**INSTRUCTIONS TO FOLLOW**: Here the job is to print only the lines from the one containing "13 fotografías del" to the end of the entries, both included, exactly as they stand, with pictures excluded.

[Opening ENTRIES SUPPLIED section]

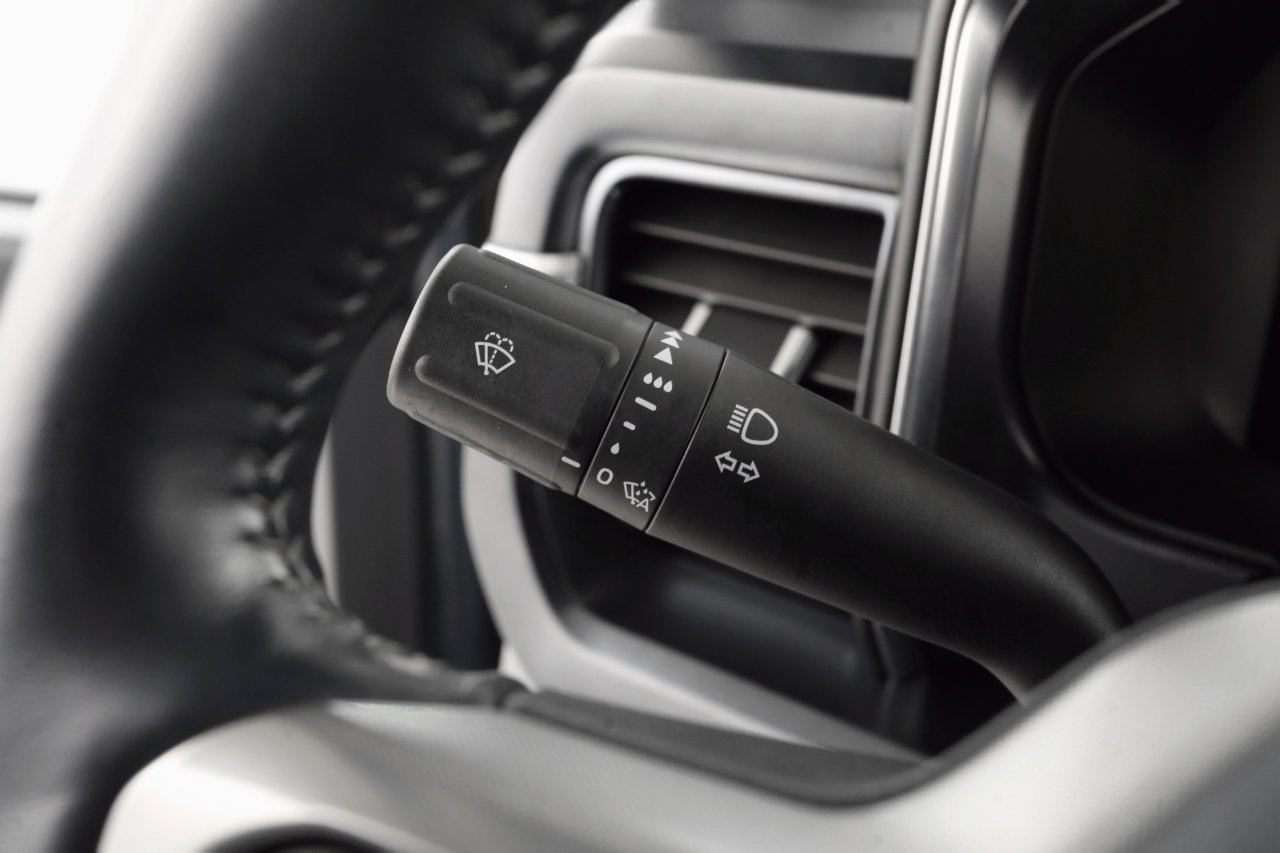 Used 2023 Ford F250 Limited w/ FX4 Off-Road Package image 32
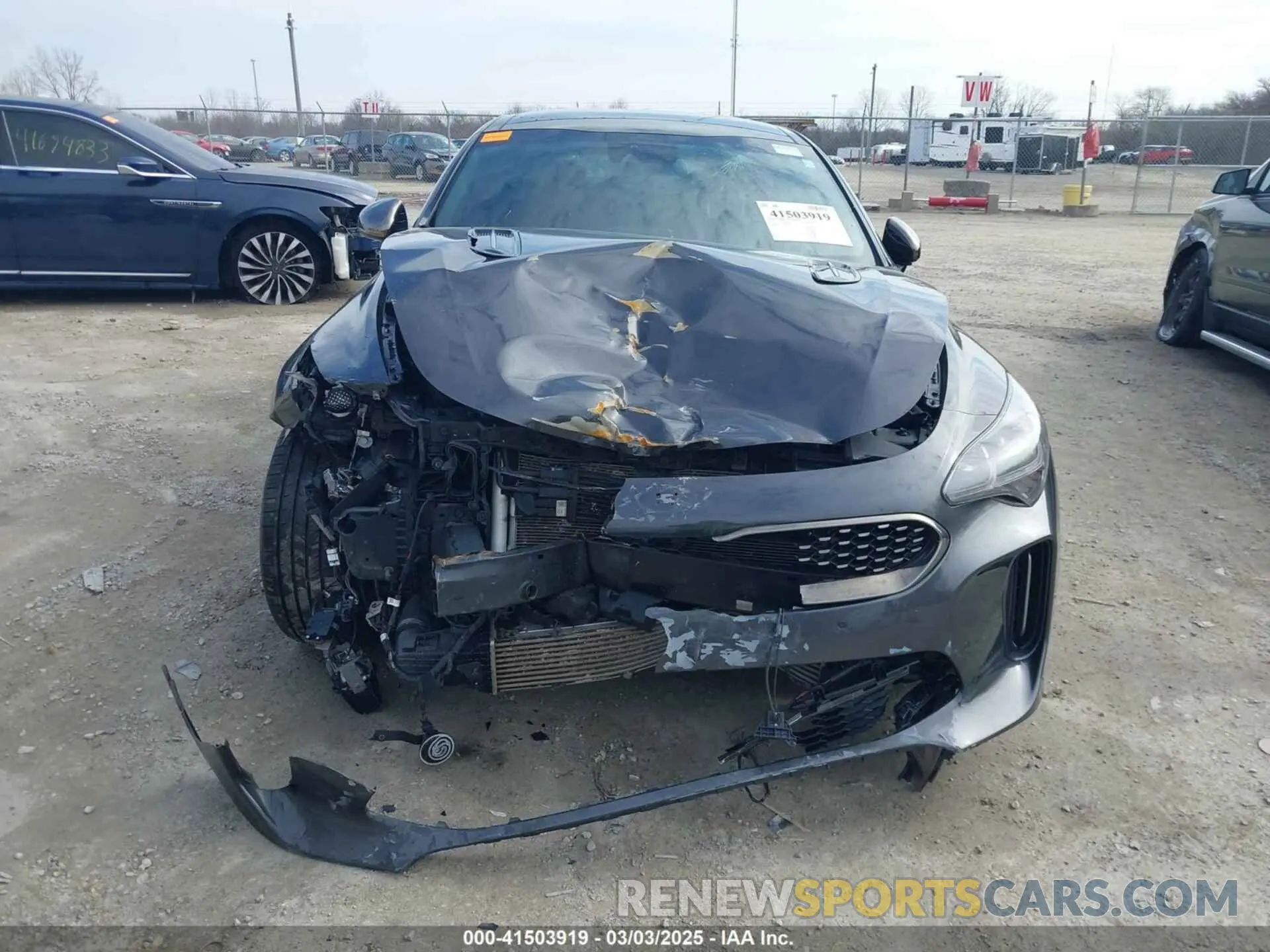13 fotografías del automóvil dañado KNAE55LC0M6088347 KIA STINGER 2021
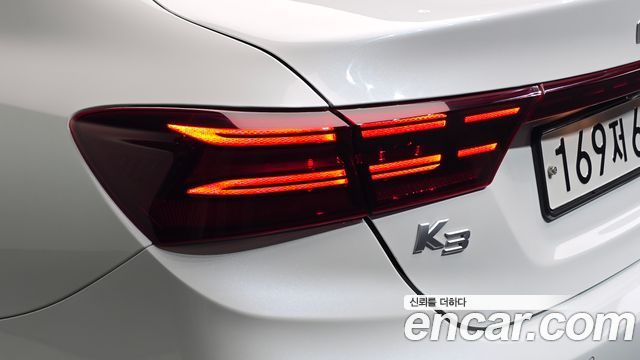 Kia K3 2022 — photo 9
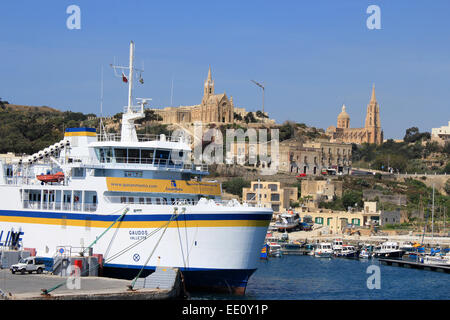 Ferry à quai, dans le Port de Mgarr, Gozo sur une journée ensoleillée. Banque D'Images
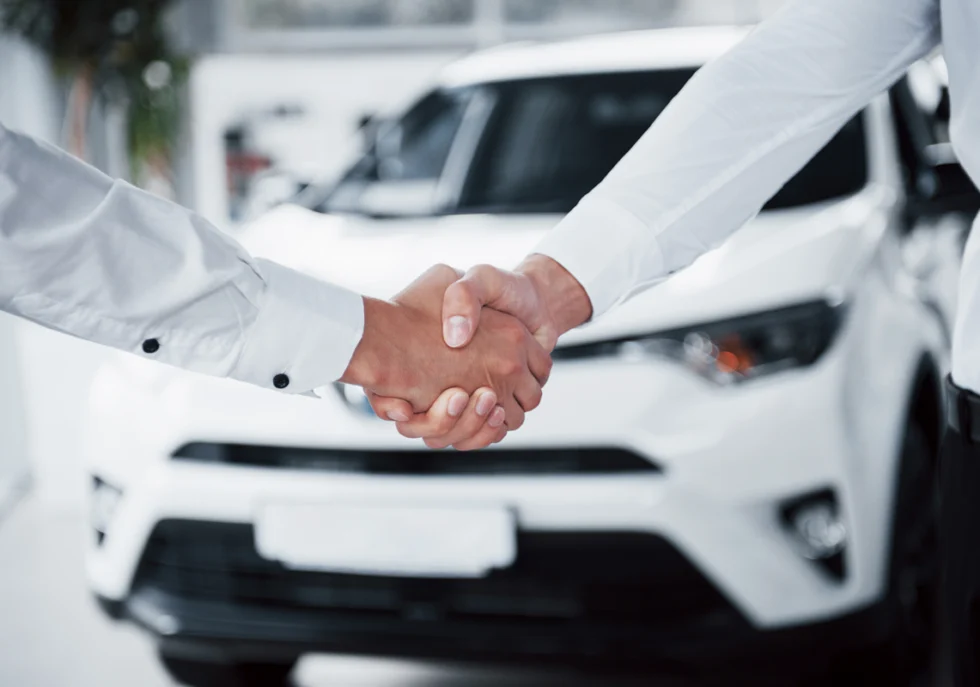 image de main qui se sere,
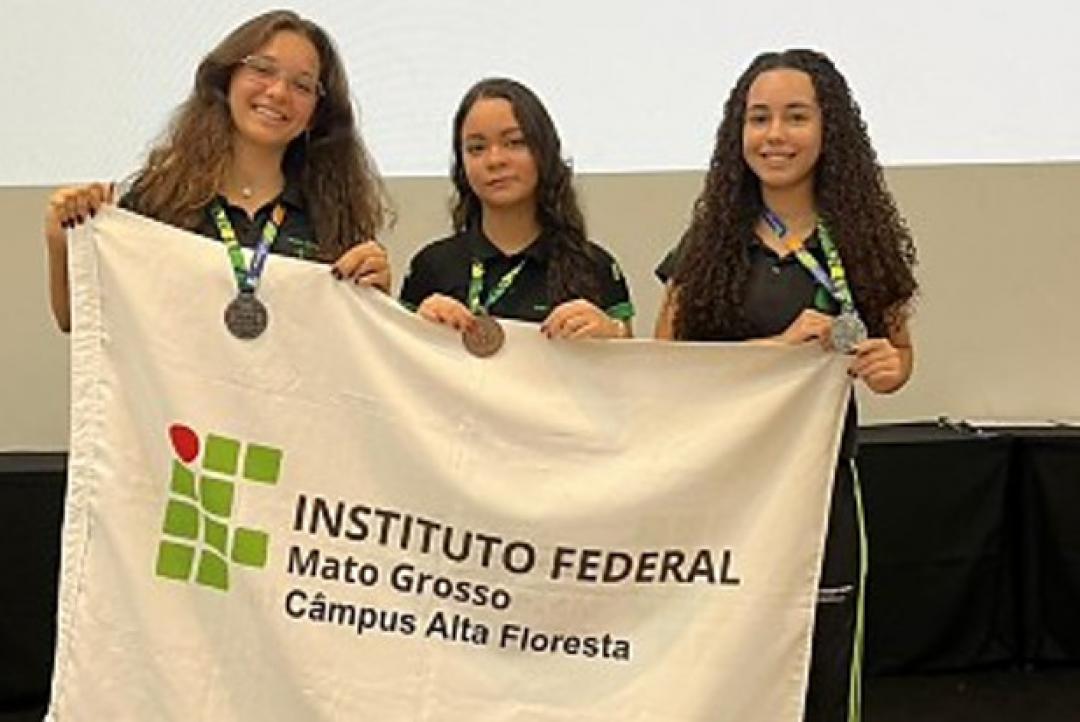 Alunas do IFMT de Alta Floresta sobem ao pódio na Olimpíada Brasileira de Geografia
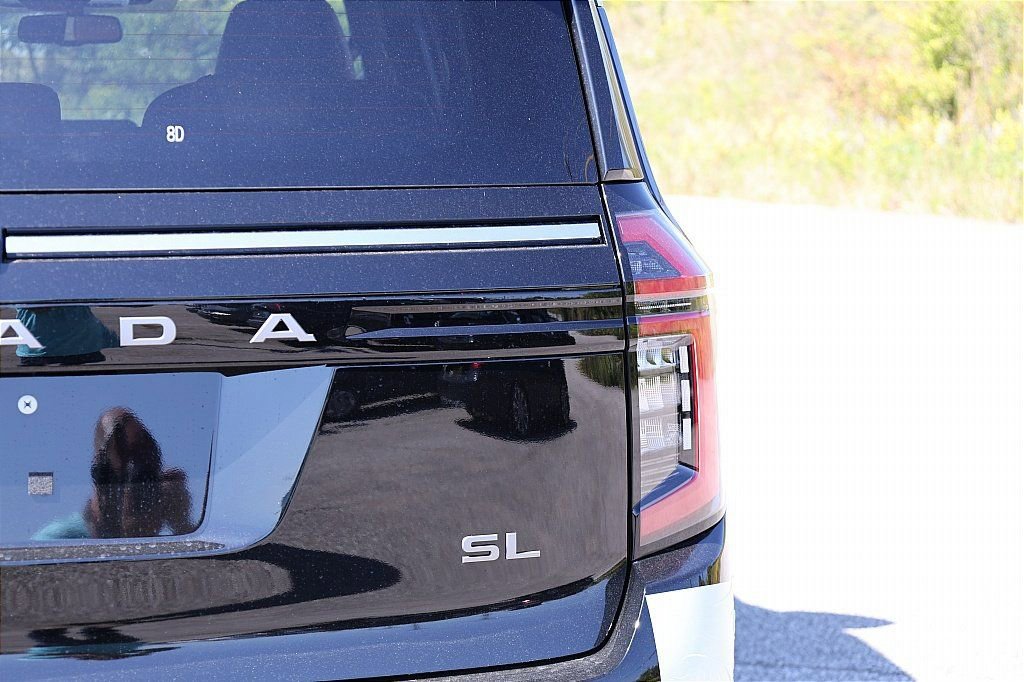 New 2026 Nissan Armada SL w/ Captain's Chari Seat Package image 6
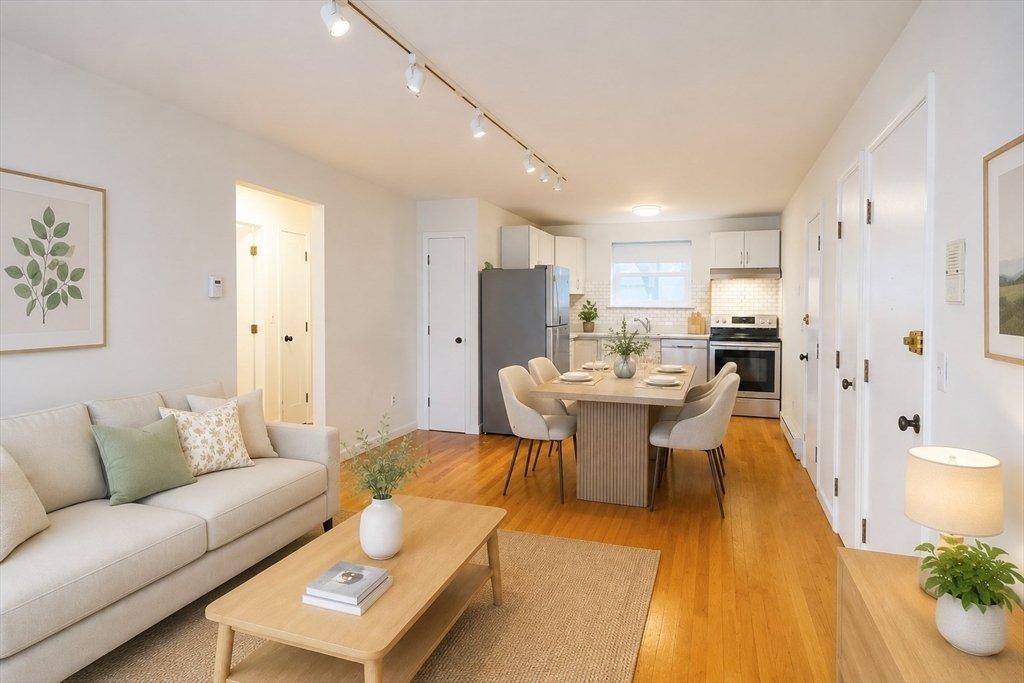 Condo in Cambridge, Massachusetts, United States 4 - 18205549
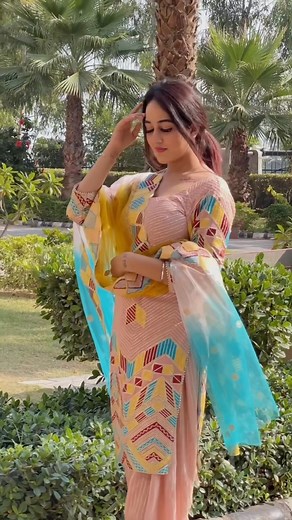 Simran Narula on Instagram: "🤗"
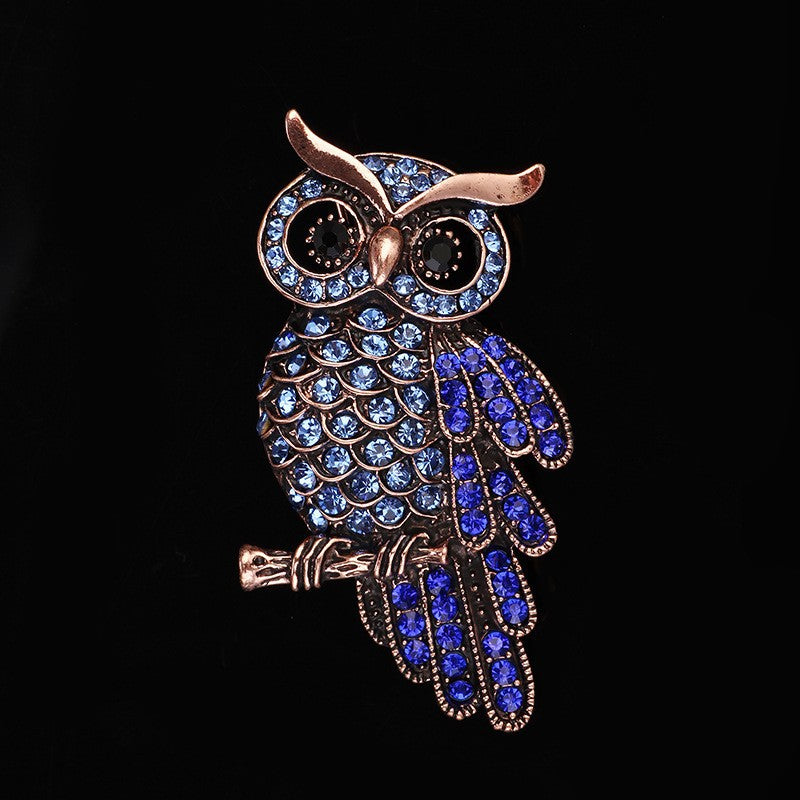 Cat head brooch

[Closing ENTRIES SUPPLIED section]

**RESULT OF THIS TASK**:
13 fotografías del automóvil dañado KNAE55LC0M6088347 KIA STINGER 2021
 Kia K3 2022 — photo 9
 Ferry à quai, dans le Port de Mgarr, Gozo sur une journée ensoleillée. Banque D'Images
 image de main qui se sere,
 Alunas do IFMT de Alta Floresta sobem ao pódio na Olimpíada Brasileira de Geografia
 New 2026 Nissan Armada SL w/ Captain's Chari Seat Package image 6
 Condo in Cambridge, Massachusetts, United States 4 - 18205549
 Simran Narula on Instagram: "🤗"
 Cat head brooch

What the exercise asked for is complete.